Of course, the whole point of students learning at their own pace is that they won’t need professors at all then and that saves a lot of money (which can then be diverted to other uses that have nothing to do with education). Our students certainly won’t need tenured professors who will apparently be going the way of the dodo in our online future. These are Christensen and Eyring’s own words:
[T]he activities being performed by the tenured professor must be consistent with the mission of the institution, which for most institutions is likely to be narrower than the mission of a large research university. Most professors will need to spend the majority of their time teaching. A school that generates the bulk of its revenues via tuition will be able to afford some time for faculty research. However, that research will need to have relevance to the student learning experience, and it won’t be the driving factor in tenure decisions; teaching quality will be. Tenure based primarily on publications isn’t a sustainable model for most institutions.

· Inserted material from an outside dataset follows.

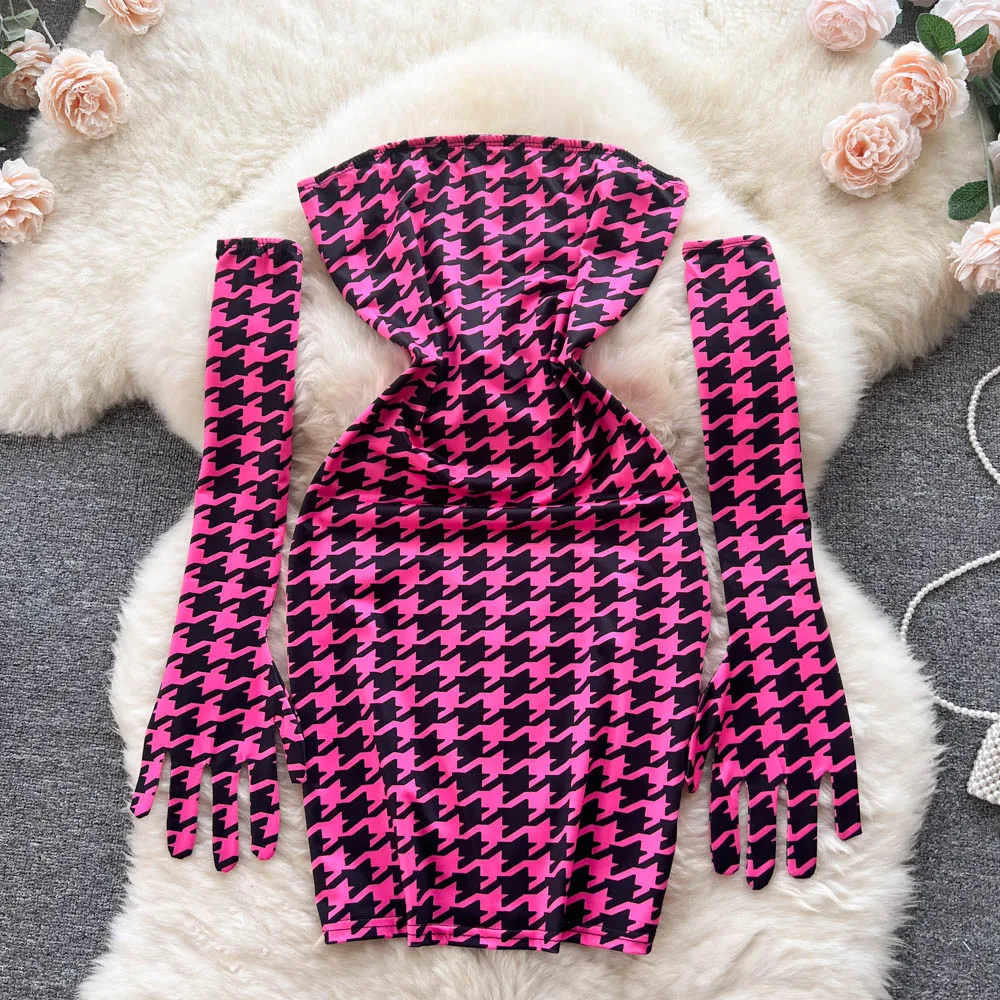 

Autumn European and American Style Niche Design with Sleeves Tube Top Houndstooth Waist Dress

Anybody else find those two points a tad contradictory? Students can learn at their own pace online, but great teaching is the only way that professors can get tenure. Wouldn’t great teaching mean that everyone can keep up with the professor? More importantly, who gets to decide what constitutes great teaching? It’s obvious if Forbes had asked these guys, they would have said the students because that’s the only way that a university’s business model would be “sustainable.” If humanists let the value of our jobs get defined solely in economic terms we are all doomed. It’s already happening to social studies at the secondary school level. It will happen to us too.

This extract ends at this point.